Monday, April 28, 2014

The Day of Bread and Ruins

We woke up a bit earlier than normal on Sunday to Mery's special bread and omlet breakfast--eggs filled with hot dogs and scallions. By 8:30, a bus pulled up outside our house to pick us up! Our new guide, Olmer was very enthusiastic on our bus ride to the southern region of Cusco to see Pikillacta and Tipon.

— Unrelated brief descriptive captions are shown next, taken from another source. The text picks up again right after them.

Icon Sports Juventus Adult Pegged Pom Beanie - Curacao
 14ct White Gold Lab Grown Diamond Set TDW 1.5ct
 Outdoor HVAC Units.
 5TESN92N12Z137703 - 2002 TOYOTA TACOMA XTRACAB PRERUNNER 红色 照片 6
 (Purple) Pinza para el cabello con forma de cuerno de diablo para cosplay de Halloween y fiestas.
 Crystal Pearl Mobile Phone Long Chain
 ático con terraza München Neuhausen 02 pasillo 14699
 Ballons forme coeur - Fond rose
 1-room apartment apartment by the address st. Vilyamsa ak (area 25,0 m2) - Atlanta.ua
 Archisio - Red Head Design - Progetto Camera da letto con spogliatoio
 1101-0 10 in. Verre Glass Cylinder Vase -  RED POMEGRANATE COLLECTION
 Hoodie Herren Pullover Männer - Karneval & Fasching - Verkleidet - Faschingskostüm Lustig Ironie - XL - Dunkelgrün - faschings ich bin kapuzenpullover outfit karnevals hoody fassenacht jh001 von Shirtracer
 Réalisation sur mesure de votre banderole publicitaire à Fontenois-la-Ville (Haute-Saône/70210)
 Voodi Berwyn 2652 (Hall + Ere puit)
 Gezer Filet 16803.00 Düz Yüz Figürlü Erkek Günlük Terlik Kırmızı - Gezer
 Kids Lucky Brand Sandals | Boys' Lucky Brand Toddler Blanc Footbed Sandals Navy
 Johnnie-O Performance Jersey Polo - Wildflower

On the way, we made a pit stop at Huancarpay, an area containing a small town, a valley, and a lake. In Pre-Incan times, the small lake used to stretch across the entire valley, but today it is condensed to a small laguna that is is now considered a conservation. After taking a few photos, we hopped back into the bus to travel to Pikillacta! At Pikillacta, we saw an abundance of Pre-Incan architecture, mostly consisting of sections of walls. We also saw parts of a cemetary and a large enterway. Olmer told us that this place was most likely created by the Huwari group before the Incas or the Huarpas before them--although no one knows for sure. Unfortunately, the locals of the area have destroyed many parts of Pikillacta and only 5 percent of the total settlement can be seen today. We also learned a bit about the environment in Pikillacta. For example, it contains 35 species of humming birds and contains Maguay plants which are used to make paper. Olmer also pointed out the mountainous area nearby this area from which plaster is extracted. He also mentioned that the main problem in these mountains is the lack of water. It is very likely that within ten years, no water will be left in the areas near Pikillacta. It was sad to see how destroyed the ruins were and further, to learn about all of the environmental issues in this area. 

The view at Huacaray:

The entryway at Pikillacta:

Pikillacta Ruins:

Cemetary at Pikillacta:

After Pikillacta, we boarded the bus to Tipon. On the way, we made a pit stop at a bakery to buy break specially made in Cusco called Chuta. The bread not only smelled amazing, but had an elegant appearance as well, with different shapes imprinted in the center of he large round pieces. We were also able to see the large oven in wich bread is baked almost every morning. Before departing, our group bought some bread to give to our host families, and we also bought a bag of smaller pieces of break called mollete to snack on in the bus.

Chuta Bread:

The Bread Oven:

Just a few more zig-zags up the mountain side and our bus arrived at Tipon. Tipon literally means spring, since it contains a natural spring that is harnessed by a series of acueducts. The acueduct technology was quite advanced and the ruins show signs that it was part of the Incan Empire, as part of the Incan Trail is connected to it. Since Tipon is hidden up the mountains and cannot be viewed from, there are theories that is was built as a palace for the Incan King  to hide from enemies. Before the Incas, this site was most likely used by the Killky society, and Olmer surmises that during the Conquest of Peru, the Spanish most likely never arrived here. We walked around Tipon for a while, admiring the terraces and acueducts before returning to the bus for lunch. Our guide and driver provided us with a fressh box of meat and cheese empanadas, a delicacy that we were finally able to try for the first time. We also ate dellicious mandarins, cookies, and peace juice.

A view of Tipon:

The waterfalld and  acueducts at Tipon:


After Tipon, we returned to the city of Cusco and headed to the San Pedro Market. Here, there are various clothing and souvenir shops, as well as a large area dedicated to produce, meats and other food. We were amazed to see three aisle of freshly made fruit joice, aisles with giant boar heads, and an aisle dedicated solely to chocolate (which tastes amazing, by the way). While our group roamed the market and spent time in a café, Dr. Shaw attended a Ballet, where she watched various interesting performances of different types of dance. 

San Pedro Market:

Photos from the Ballet:

Closer to dinner time, some of the group went to the Chocolate Museum near the Plaza de Armas in Cusco, while others relaxed in a small plaza nearby. Finally, we all reunited to eat dinner at an elegante restaurant called Incanto. The food here was delicious, including the bread appetizer and everyone was very satisfied. To conclude the night, we returned to our homestay where we made thank you cards for Mary and the Vera Family, ate some cake, and retired to our rooms to repack our bags for the next morning for a new adventure. Puno!